Adam had eased the bathroom hall door closed. Whatever condition Lester was in, any Change would make turning door-knobs very difficult. With any luck, that added barrier meant he wouldn’t hear—

The boy pounded on the door.

“Mom! You said you were just coming up to check on Dad!” A snort from inside the bathroom. Then a thump.

The kid pounded again. “Come on, guys. Locked? Really? I’ve been able to open this since I was six!”

And at eighteen he should damned well know that a locked bedroom door wasn’t to keep him out—it was to tell him not to enter. To give his parents privacy.

Another grunt from inside the bathroom. The scrabble of footsteps. Feet? Claws? I couldn’t tell. The more this idiot kid yelled, though, the more he attracted whatever beast his father had become. So I opened the door, grabbed him, and yanked him inside. I dragged the kid down. At first he struggled, but once he was on the floor with me straddling him, he just lay there, gaping.

I slapped my hand over his mouth.

I glanced over at Adam. He was poised to help but I waved him back. I was fine. The kid was just lying there. Judging by his build, he wasn’t on the football team. From the vacancy of his gaze, not on the chess team either. Or perhaps just in shock.

Over the music, I could hear Lester snuffling in the bathroom hall. He pushed at the door. Just testing it. More snuffling.

The kid started to struggle again. I leaned down.

“If you want out of here alive, you’d better—”

 

He bit me. As I yanked back, he said, “Do you know who my father is, you thieving bitch?”

I pulled a glove from my pocket and stuffed it into his mouth.

“It’s what your father is that’s the problem,” I muttered.

The kid bucked. I slammed him down, again, but he was struggling in earnest now, legs and fists flailing against the floor, grunting against the gag.

Lester growled and pushed at the door.

I locked the kid in a binding spell, then turned to Adam. He was already leaving to find Elena. He looked back. Lester had stopped growling and sounded as if he was just shuffling about, trying to figure a way past the closed door.

“He’s not going anywhere,” I said. “And neither is this one.” Adam nodded and took off, loping down the hall as silently as he could.

Fingernails scraped the door. Tentative at first. Then harder.

“Come on, Elena,” I murmured. “Before he realizes he can break that door down with one—”

Lester hit the door hard. I scrambled off the kid, locking him in a binding spell as I eased toward the bathroom hall door. Lester had resumed his shuffling and snuffling.

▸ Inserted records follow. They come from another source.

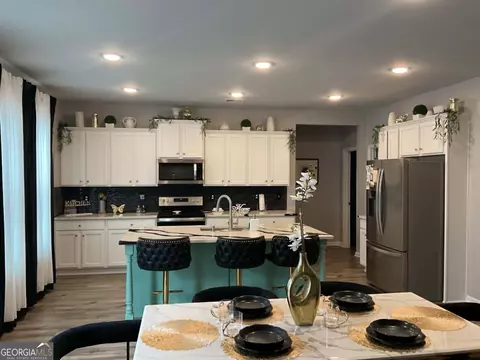 Kitchen - 137 Cabin Way, Hampton, GA 30228 photo 1 of 3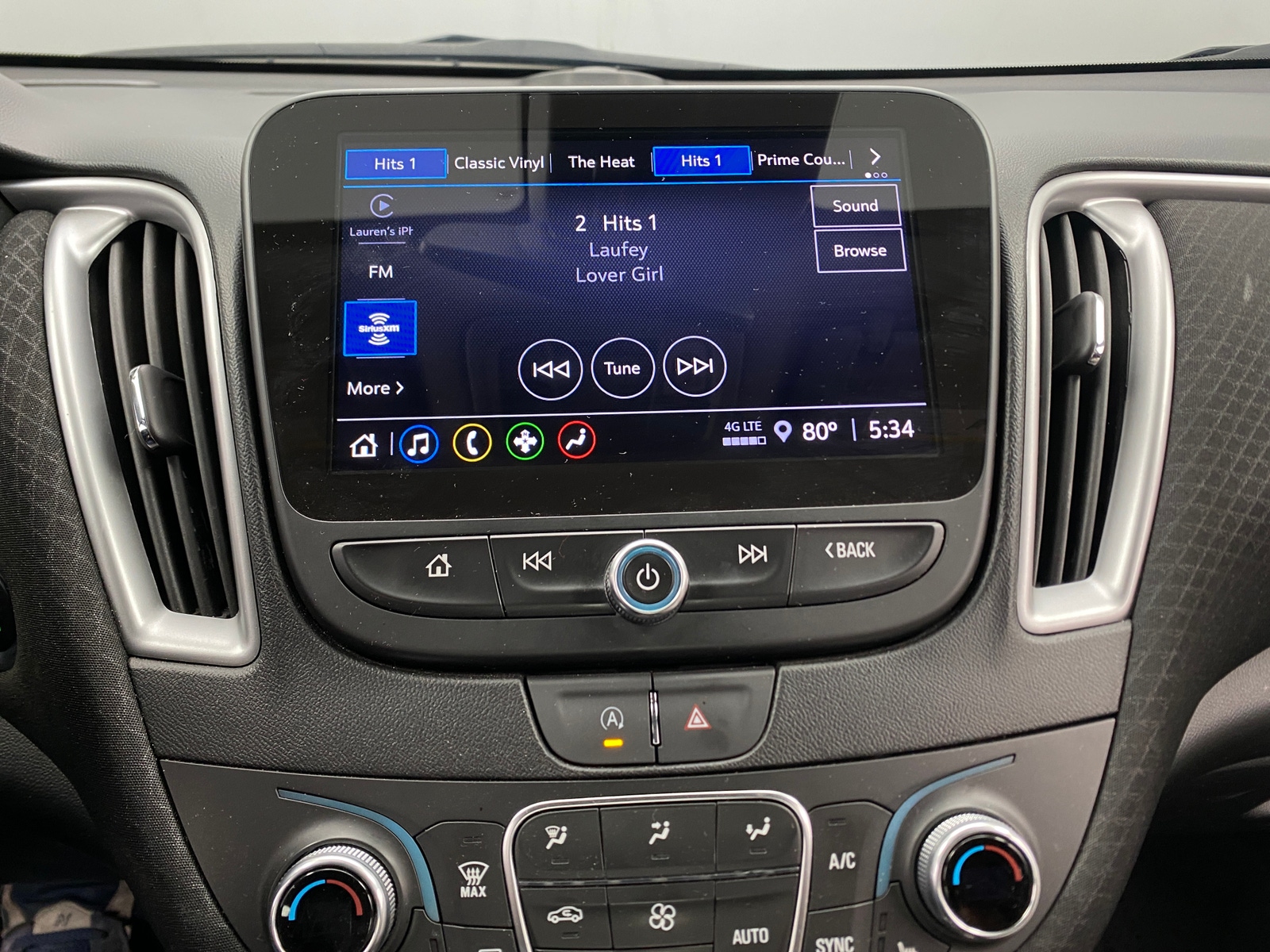 Thumbnail: 2024 Chevrolet Malibu - 4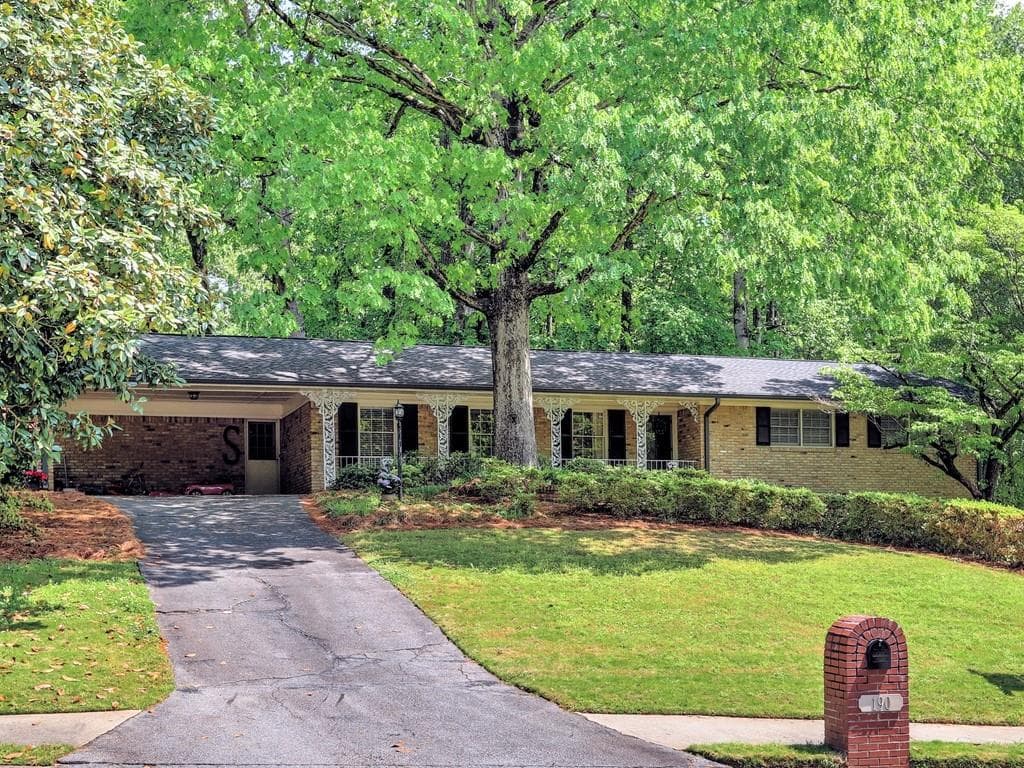 190 West Spalding Drive, Sandy Springs, GA 30328 — most recent listing photo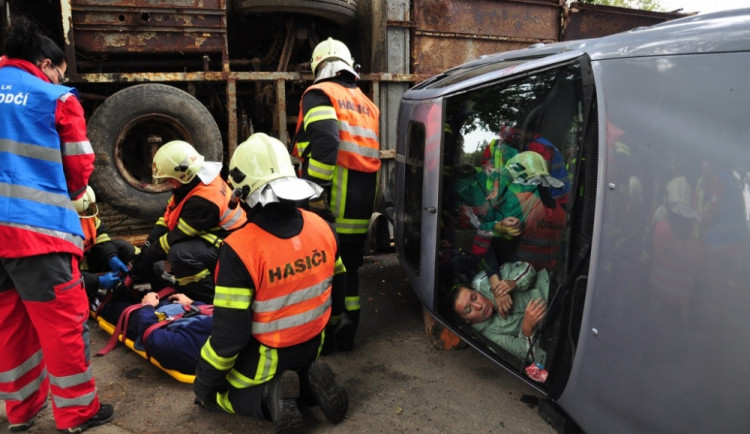 Cvičná nehoda v Hrádku nad Nisou. Foto: HZSLK/Jana Leitgebová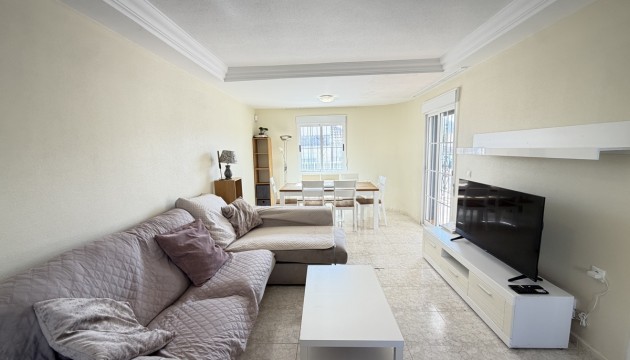 Odsprzedaż - Detached Villa - Orihuela Costa - Villamartín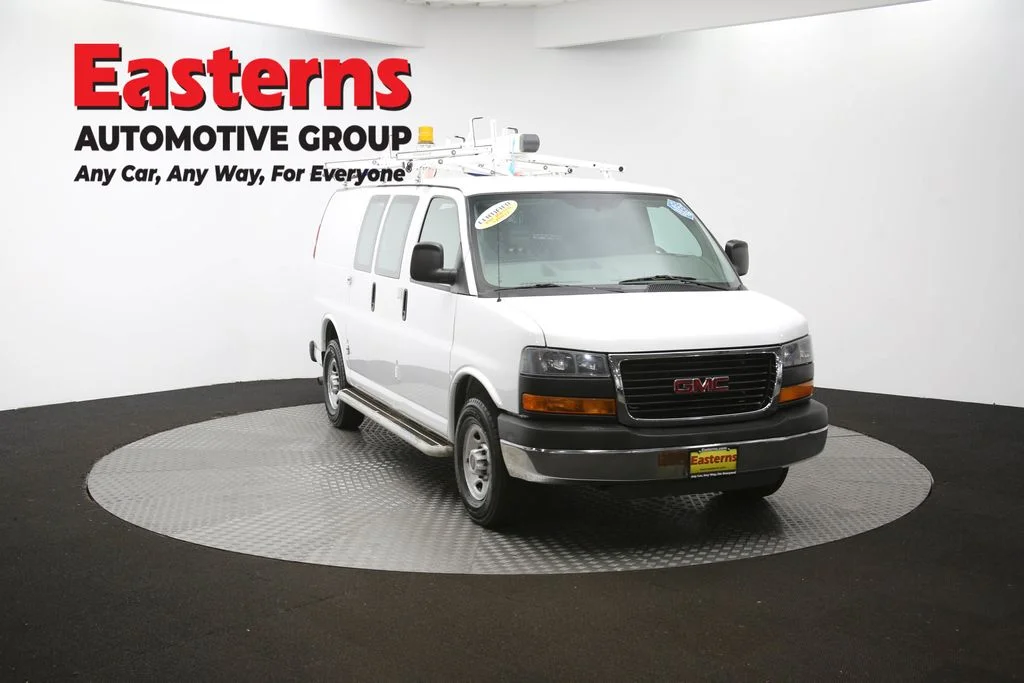 Used 2015 White GMC Work Van image 49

“Savannah?” It was Adam on my earpiece.

“He tested the door. I think he’s given up but … hurry.”

“I am. I’m at the trap door and—”

Elena’s voice sounded in the background.

“Got ’em,” Adam said. “Heading your way in—”

The en suite door flung open, knocking me back. Lester stepped out.

It was Lester. Not a wolf. Not a wolfman. Maurice Lester, an overweight, jowly man with dyed black hair, wearing slacks and a dress shirt with the tie loosened and thrown over his shoulder. Only his white shirt wasn’t white anymore. It was stained with blood.